Task prompt
Work through the data below line by line and say how many lines hold "Swoosh"; give only the number.

Excerpted records
■ ■ ■ ■ ■ ■ ■

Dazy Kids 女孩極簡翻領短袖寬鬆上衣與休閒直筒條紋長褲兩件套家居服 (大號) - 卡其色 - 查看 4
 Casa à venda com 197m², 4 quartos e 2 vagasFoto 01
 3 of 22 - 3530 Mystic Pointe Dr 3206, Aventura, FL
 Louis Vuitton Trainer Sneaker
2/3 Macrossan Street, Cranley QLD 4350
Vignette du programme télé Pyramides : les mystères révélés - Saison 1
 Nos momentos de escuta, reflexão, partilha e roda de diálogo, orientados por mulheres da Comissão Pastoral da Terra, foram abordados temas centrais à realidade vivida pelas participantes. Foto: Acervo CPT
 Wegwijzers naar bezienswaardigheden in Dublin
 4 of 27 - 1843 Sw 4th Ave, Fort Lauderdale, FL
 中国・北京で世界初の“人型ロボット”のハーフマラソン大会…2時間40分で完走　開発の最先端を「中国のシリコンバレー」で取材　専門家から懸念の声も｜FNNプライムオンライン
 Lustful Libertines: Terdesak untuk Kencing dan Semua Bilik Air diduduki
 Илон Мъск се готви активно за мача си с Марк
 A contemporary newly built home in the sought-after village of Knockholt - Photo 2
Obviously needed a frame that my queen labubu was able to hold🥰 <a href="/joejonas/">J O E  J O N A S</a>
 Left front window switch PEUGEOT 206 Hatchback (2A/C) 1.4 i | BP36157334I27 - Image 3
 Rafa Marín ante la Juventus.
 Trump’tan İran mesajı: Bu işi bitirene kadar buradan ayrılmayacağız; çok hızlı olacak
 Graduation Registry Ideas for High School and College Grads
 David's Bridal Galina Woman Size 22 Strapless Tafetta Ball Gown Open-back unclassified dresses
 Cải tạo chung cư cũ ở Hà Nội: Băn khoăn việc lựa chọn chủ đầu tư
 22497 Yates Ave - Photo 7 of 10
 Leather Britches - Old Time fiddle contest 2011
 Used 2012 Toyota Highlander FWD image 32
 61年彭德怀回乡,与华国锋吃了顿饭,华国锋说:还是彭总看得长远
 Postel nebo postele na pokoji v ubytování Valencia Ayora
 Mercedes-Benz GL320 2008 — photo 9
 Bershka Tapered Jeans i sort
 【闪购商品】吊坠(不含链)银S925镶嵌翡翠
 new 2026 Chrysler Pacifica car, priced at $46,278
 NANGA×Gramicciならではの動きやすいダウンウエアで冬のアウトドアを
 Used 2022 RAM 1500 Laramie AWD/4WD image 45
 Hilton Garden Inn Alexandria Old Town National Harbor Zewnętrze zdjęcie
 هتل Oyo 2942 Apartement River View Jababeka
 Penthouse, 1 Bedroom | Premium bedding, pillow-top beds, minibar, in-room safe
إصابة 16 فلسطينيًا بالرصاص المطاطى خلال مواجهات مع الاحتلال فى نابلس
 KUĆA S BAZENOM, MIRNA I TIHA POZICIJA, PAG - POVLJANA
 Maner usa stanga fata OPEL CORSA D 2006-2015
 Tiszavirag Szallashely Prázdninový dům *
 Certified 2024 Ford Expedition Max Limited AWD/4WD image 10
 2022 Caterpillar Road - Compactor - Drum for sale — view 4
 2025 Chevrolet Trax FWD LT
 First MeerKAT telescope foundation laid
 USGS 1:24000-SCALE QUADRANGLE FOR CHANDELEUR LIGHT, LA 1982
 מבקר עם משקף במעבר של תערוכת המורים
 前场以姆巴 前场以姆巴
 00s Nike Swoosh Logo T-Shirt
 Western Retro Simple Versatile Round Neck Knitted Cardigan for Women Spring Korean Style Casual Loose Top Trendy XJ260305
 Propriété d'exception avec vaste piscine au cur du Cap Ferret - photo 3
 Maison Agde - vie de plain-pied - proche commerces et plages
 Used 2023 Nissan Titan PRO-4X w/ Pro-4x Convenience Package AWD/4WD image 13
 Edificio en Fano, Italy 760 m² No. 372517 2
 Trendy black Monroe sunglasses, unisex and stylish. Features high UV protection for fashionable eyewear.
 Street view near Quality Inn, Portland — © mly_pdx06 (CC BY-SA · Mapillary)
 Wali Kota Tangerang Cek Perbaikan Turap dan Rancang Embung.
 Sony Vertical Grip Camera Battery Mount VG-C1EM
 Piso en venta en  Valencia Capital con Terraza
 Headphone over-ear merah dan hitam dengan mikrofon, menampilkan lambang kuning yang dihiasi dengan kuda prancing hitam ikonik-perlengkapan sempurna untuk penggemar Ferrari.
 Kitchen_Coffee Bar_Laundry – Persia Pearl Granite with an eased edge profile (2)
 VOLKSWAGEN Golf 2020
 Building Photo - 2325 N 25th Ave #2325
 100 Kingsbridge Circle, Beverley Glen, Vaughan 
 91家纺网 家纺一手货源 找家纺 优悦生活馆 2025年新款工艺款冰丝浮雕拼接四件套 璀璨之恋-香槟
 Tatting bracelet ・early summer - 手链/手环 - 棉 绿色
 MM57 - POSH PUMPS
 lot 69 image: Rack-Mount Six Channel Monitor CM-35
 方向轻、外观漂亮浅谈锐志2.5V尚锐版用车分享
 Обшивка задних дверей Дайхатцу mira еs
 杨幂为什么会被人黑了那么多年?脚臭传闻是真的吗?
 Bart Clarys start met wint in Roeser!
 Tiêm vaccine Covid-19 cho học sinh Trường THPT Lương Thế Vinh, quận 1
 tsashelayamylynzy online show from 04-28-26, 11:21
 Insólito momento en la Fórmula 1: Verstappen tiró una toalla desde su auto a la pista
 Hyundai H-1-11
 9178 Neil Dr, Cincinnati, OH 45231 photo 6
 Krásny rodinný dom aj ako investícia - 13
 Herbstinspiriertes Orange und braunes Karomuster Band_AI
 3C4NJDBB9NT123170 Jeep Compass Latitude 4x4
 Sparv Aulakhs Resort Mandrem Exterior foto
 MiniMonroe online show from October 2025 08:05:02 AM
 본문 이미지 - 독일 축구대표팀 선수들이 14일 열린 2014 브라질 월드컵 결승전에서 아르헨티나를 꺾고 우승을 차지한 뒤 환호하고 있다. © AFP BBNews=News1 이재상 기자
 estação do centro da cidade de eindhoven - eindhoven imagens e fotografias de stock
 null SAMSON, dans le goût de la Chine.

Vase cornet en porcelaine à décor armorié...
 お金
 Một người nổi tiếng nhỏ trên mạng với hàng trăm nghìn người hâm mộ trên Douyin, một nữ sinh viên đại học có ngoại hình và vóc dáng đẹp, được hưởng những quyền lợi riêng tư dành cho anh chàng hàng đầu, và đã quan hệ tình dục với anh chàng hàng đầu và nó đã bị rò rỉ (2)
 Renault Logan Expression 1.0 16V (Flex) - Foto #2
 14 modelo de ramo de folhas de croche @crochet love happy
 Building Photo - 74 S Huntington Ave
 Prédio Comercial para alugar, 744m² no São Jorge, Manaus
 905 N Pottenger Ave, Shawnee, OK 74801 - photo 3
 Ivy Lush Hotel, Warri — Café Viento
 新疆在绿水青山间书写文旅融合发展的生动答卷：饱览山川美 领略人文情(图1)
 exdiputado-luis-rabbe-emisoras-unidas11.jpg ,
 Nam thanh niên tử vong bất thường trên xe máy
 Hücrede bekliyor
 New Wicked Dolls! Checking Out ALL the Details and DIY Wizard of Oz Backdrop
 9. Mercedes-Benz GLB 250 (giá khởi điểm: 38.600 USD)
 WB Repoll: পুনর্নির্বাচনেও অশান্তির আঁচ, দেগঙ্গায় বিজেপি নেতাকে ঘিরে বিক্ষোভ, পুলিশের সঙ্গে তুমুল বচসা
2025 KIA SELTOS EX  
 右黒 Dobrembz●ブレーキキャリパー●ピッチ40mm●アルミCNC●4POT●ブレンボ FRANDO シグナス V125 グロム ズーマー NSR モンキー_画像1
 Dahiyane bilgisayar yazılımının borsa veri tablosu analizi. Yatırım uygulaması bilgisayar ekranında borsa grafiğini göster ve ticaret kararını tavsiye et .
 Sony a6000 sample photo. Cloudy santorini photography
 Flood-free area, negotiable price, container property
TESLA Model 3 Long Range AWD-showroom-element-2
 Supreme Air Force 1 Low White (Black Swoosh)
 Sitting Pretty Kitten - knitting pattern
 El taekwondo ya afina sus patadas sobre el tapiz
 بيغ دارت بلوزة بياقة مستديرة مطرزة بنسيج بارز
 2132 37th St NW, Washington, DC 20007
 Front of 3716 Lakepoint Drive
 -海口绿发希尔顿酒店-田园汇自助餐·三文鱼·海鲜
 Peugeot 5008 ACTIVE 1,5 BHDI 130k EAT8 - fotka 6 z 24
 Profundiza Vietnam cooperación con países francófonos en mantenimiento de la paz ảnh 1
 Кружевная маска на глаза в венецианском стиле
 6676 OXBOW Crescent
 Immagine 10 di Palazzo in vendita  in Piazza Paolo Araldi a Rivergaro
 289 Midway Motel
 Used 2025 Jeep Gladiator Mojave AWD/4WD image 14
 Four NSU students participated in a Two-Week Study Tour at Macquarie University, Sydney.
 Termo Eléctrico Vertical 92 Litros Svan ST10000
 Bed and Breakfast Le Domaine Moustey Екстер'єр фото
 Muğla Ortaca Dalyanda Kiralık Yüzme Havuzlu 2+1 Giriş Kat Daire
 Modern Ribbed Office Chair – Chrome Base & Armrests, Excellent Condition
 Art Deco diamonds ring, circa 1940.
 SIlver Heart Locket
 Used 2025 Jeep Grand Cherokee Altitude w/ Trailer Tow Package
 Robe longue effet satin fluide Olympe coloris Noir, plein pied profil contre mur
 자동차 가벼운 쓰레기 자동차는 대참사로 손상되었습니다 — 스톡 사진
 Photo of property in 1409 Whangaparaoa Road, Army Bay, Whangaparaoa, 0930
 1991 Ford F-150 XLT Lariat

■ ■ ■ ■ ■ ■ ■

Result
2